Inizia quindi la fase più lunga, proficua (e magari meno avventurosa e rischiosa, ma pur sempre affascinante) che riporta dalla fine del conflitto a tutti gli anni 50 centinaia di opere d’arte trafugate dai nazisti, fra cui diversi capolavori degli Uffizi, dei musei di Capodimonte (come la Danae di Tiziano) e del Museo Archeologico di Napoli (come l’Hermes di  Lisippo); Siviero, finito l’incarico istituzionale, continua a collaborare fino alla sua morte del 1983 alla ricerca e recupero di capolavori sotratti durante la Guerra ma anche a casi di furti, come quello che permette il recupero nel 1973 della Madonna col Bambino del Masaccio, recuperata da lui durante la Seconda Guerra Mondiale e rubata nel 1971 dalla Collezione Loeser a Palazzo Vecchio (e ora agli Uffizi).

Non è stato tutto rosa e fiori neanche nella collaborazione con il Governo: spesso Sivierio ha dovuto lamentare la poca collaborazione fra soprintendenze e uffici nell’opera di catalogazione e recupero delle opere d’arte, della loro gestione e della mancanza di un coordinamento nella tutela delle stesse…. oggi grazie anche al lavoro di Siviero e alla catalogazione delle opere operata in questi decenni, molto è migliorato ma ancora si deve superare certi aspetti burocratici legati alla gestione e tutela di queste opere.

(L'interno del Museo Casa Siviero - - Foto © Museo Casa Siviero)

(L’interno del Museo Casa Siviero – – Foto © Museo Casa Siviero)

Una vita dedicata all’Arte e alla sua tutela che non dico meriterebbe un film (o anche solo una fiction), ma forse la stessa attenzione che si sta dando alle vicende raccontate in Monuments Men e i suoi protagonisti, ma chissà quanti Siviero o quanti Monuments Men sono esistiti o esistono ancora sparsi nel Mondo a cui dobbiamo la possibilità di vedere capolavori e oggetti che rendono la Storia dell’Arte e della cultura così belli?

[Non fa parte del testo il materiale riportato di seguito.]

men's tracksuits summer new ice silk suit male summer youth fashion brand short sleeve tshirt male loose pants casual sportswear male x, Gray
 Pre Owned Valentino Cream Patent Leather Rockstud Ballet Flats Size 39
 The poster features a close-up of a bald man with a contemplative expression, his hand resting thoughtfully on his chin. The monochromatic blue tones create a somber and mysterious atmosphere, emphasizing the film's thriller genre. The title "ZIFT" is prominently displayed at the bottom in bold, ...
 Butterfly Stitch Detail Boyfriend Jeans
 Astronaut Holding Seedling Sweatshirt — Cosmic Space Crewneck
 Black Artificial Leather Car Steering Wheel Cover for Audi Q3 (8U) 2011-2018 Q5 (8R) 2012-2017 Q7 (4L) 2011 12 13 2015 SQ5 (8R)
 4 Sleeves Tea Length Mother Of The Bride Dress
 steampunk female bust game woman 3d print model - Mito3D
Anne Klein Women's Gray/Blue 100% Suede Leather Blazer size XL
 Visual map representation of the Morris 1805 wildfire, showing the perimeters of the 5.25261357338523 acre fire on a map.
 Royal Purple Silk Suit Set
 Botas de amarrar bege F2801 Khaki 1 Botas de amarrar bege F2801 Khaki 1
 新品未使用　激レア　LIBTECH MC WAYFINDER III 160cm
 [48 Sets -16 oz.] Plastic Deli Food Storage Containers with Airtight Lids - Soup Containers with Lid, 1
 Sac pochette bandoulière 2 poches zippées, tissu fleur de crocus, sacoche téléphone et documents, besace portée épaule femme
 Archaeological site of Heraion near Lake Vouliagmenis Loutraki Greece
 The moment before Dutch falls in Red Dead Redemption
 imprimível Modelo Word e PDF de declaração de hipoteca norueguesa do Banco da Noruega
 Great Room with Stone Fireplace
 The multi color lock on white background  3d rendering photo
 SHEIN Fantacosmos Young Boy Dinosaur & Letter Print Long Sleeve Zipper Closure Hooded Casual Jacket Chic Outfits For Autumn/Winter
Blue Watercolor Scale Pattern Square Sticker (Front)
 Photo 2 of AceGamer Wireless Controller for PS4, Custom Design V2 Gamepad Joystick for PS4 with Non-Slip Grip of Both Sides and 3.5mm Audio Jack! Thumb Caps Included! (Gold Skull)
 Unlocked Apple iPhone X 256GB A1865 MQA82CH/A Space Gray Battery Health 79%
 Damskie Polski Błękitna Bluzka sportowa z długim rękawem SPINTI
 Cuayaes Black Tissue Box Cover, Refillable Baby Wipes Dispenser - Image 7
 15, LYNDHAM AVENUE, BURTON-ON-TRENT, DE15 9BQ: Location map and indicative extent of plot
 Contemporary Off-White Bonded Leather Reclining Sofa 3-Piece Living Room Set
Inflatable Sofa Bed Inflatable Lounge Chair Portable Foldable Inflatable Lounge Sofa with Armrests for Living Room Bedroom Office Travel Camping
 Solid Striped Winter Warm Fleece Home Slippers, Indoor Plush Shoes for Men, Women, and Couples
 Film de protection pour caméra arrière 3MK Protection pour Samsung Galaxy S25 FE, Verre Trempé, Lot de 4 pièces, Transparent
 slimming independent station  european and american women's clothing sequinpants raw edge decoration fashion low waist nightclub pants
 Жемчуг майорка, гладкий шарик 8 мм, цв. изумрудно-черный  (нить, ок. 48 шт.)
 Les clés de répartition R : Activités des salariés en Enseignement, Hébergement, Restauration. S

Quanti sanno ad esempio degli eroici custodi che nascosero opere importanti e le risparmiarono ai saccheggi durante la Guerra in Iraq del 2003? O quanti sanno le identità dei custodi che salvarono migliaia di preziosi rotoli dalle devastazioni dei guerriglieri islamici durante la guerra civile in Mali pochi anni fa? O alle altre decine di piccole storie dimenticate dalla Grande  Storia e di cui magari ignoriamo l’esistenza?

Lapide a Guardistallo sulla casa dove nacque Rodolfo Siviero - Foto © Giovanni Baldini & ResistenzaToscana.it)

Lapide a Guardistallo sulla casa dove nacque Rodolfo Siviero – Foto © Giovanni Baldini & ResistenzaToscana.it)

Spero un giorno di poter vedere sul piccolo o sul grande schermo anche la storia di questo eccezionale storico dell’arte toscana al quale dobbiamo molto… per le visite al Museo Casa Siviero consultate il Sito Ufficiale  del Museo o il sito dell’associazione Amici dei Musei Fiorentini

P.S: Il pezzo è volutamente uscito in occasione dell’anniversario del bombardamento di Montecassino che il giorno dopo la ricorrenza di quello di Dresda, avvenuto il giorno prima e che distrusse completamente la città tedesca, soprannominato “la Firenze tedesca” per l’enorme quantità di monumenti e opere d’arte contenute nella città… il bombardamento non fu solo un’enorme perdita di persone innocenti (si stima fra le 25.000 e 35.000 vittime civili), ma fu anche un pesante tributo al patrimonio artistico tedesco, quasi un perverso contrappasso per quello che stavano facendo al patrimonio artistico europeo….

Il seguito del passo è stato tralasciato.